What you have to do
Please give back an exact reproduction of the lines from the one with "Urban landscape with" through the end of the entries below, and no others.

Task inputs
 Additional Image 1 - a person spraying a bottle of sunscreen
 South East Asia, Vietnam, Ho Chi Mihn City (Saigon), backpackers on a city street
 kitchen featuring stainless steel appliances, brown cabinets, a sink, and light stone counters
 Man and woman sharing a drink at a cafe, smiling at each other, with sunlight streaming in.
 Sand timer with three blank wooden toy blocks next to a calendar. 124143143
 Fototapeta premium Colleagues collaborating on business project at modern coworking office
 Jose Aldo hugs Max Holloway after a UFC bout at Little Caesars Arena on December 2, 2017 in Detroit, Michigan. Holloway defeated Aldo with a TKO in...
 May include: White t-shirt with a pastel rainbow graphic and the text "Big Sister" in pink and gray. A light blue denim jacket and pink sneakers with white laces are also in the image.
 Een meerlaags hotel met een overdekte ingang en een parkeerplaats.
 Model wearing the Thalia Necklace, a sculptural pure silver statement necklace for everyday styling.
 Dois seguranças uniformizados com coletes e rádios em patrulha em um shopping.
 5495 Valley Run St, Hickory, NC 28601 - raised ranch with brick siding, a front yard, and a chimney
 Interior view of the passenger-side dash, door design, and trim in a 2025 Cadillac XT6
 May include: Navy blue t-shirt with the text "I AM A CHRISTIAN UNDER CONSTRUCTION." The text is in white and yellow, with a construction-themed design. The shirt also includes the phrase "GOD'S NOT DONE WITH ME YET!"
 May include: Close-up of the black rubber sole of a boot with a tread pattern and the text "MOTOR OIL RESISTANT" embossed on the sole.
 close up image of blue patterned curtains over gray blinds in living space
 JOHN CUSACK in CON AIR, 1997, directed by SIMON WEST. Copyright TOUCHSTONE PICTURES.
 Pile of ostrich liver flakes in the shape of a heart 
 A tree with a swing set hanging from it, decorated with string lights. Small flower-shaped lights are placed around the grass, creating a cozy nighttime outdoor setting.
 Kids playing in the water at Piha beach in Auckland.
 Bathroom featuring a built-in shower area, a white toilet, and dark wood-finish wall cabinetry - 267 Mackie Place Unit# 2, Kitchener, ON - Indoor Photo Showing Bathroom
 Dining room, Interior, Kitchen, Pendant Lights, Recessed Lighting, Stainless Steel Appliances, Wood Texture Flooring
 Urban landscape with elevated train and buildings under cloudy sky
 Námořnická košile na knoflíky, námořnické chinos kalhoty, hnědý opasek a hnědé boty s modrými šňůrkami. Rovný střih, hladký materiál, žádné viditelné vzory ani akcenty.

Output of the task
 Urban landscape with elevated train and buildings under cloudy sky
 Námořnická košile na knoflíky, námořnické chinos kalhoty, hnědý opasek a hnědé boty s modrými šňůrkami. Rovný střih, hladký materiál, žádné viditelné vzory ani akcenty.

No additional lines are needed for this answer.